I am having a hard time though. On the marker I picked out they are letting me put 6 words or less on there for free (any more would be charged and could not afford). I'm having a VERY hard time thinking of something to put on the marker. I asked a few family members for advice but they want it to be up to me. The only problem is that it's becoming very difficult to think of something and I would love if you ladies could give me some suggestions on what would be some nice little sayings. I'm open and appreciate all suggestions.
Thank you and love to all your little angels :hug:


----------



## MamaBare

I'm sorry for your loss. 

I had a late miscarriage recently, and the one thing I wish I could say to my baby is "You are so loved and wanted". 

Perhaps you might like something more like "Too beautiful for this earth", I'm not sure. It's a very personal thing, and probably needs to be something that means something special to you .


----------



## mhazzab

I'm so sorry for your loss, I'm so glad you are finally able to get your grave marker :hugs:.

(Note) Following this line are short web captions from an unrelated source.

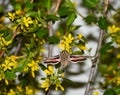 Hummingbird Moth Hyles lineata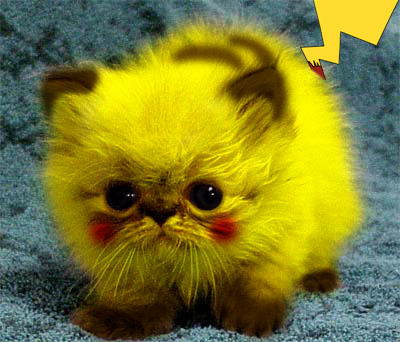 Pikachu Cat 2.0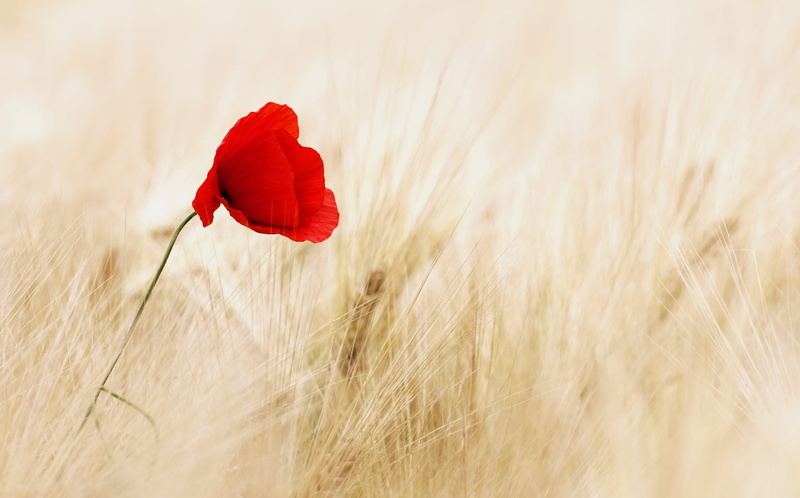 springtime, freshness, no people, red, flower head, cereal plant, close-up, wheat, plant, landscape, flower, poppy, widescreen, flowering plant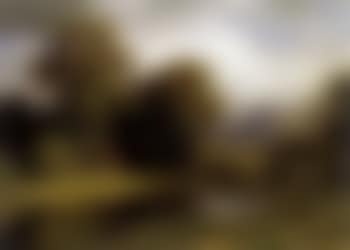 Paesaggio (preview)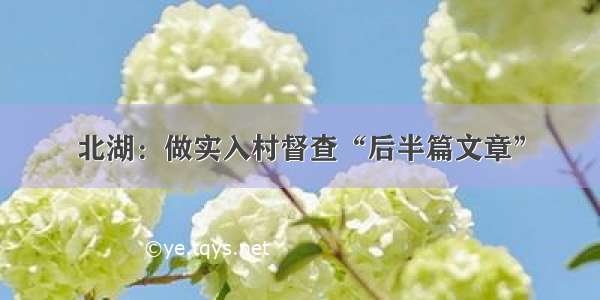 北湖：做实入村督查“后半篇文章”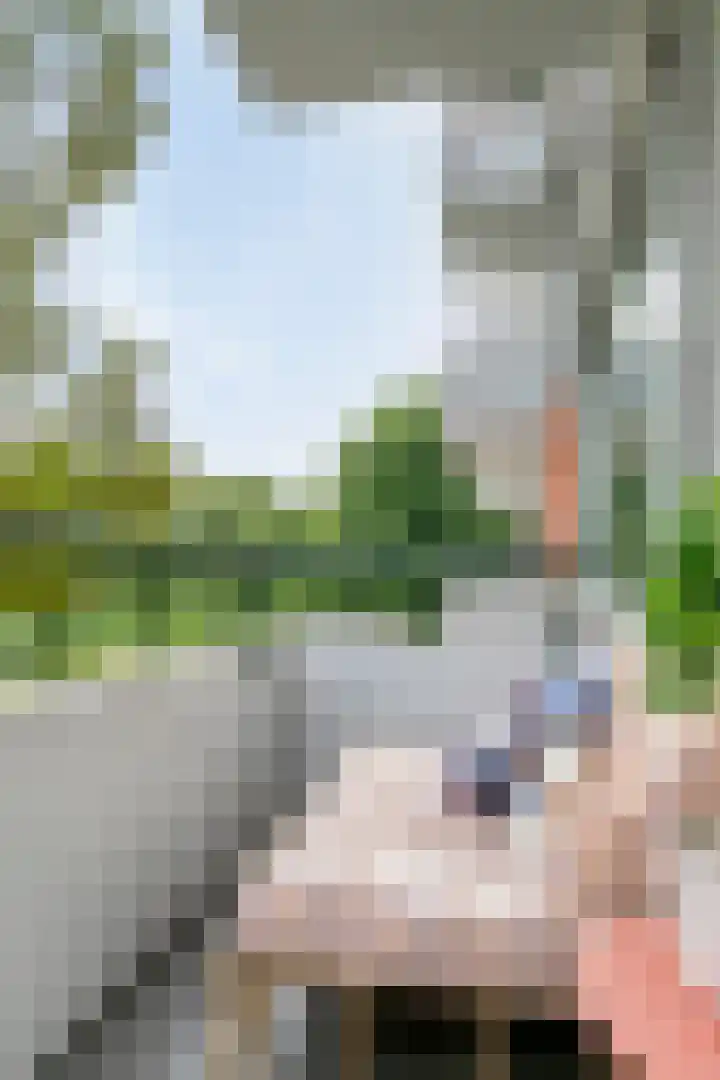 Hudsonlaan 122 's-Hertogenbosch thumbnail 36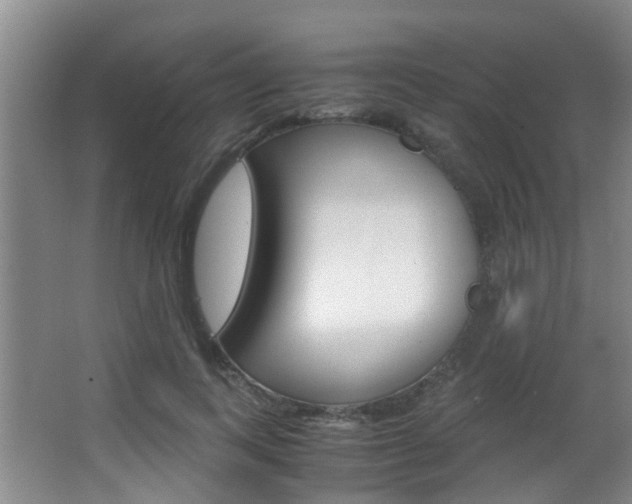 X0000062900743200601131043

We have a memorial plaque at the cemetery where we scattered their ashes, and on a bench in our garden and both say 'forever in our hearts'. Just keep asking for ideas and thinking about it, the right words will come to you when the time is right x


----------



## Andypanda6570

:hugs::hugs::hugs::hugs::hugs::hugs::hugs::hugs::hugs::hugs::hugs:

I am so deeply sorry for your loss. I am so happy that you are able to get your grave marker :hugs: I always liked the saying " Some people say you are to painful to remember, I say you are to precious to forget" There are so many beautiful sayings. I will try to find a website for you and post it in this tread. Again, I am so sorry........XOXOOXO Andrea :hugs::hugs::hugs::hugs:


----------



## Andypanda6570

https://grievingparents.com/Quotes.html


Alot of nice sayings and quotes, hope this helps..:hugs::hugs::hugs::hugs::hugs::hugs:


----------



## CormacksGirl

Sorry for your loss. How about "Shhhh, baby sleeping" or "Too beautiful for earth"


----------